Preparare i bambini al sacramento della prima confessione in chiave esperienziale, ovvero kerigmatica
Per parlare ai bambini dobbiamo ridiventare piccoli e non dare nulla per scontato e ogni parola deve poter parlare alla loro vita di bambini di 9 anni evitando parole che non sono ancora alla loro portata e proporre concetti che possano essere lontani da loro.
Possiamo iniziare l’incontro di preparazione alla confessione proponendo la parabola del figliol prodigo (Luca 11, 15-32) e spiegarla soffermandoci sulla figura di questo papà che ama e che aspetta a braccia aperte il figlio da appena se ne è andato. “Nella confessione riceviamo questo abbraccio di Dio, un papà che ci ama alla follia”
Innanzitutto una domanda diretta a loro: che cosa significa secondo voi la parola “Peccato”?

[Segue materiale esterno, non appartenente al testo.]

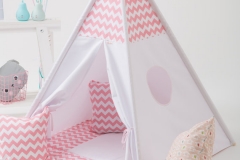 Teepee Wigiwama bianco e rosa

Dio pur donandoci il libero arbitrio ci ha lasciato delle dritte per essere felici e pienamente liberi perché il peccato ci rende schiavi.
È come una coppia di genitori che raccomanda al figlio, non ancora in grado di capire le cose del mondo, di non toccare la presa della corrente perché ne può rimanere fulminato.
Gesù ci ha dato una cartina al tornasole per misurare i nostri peccati, una legge che da pieno compimento a quelli che usiamo chiamare i 10 comandamenti.
Ama Dio al di sopra tutti e ama il tuo prossimo come te stesso. « Tutto quanto volete che gli uomini facciano a voi, anche voi fatelo a loro » (Mt 7,12).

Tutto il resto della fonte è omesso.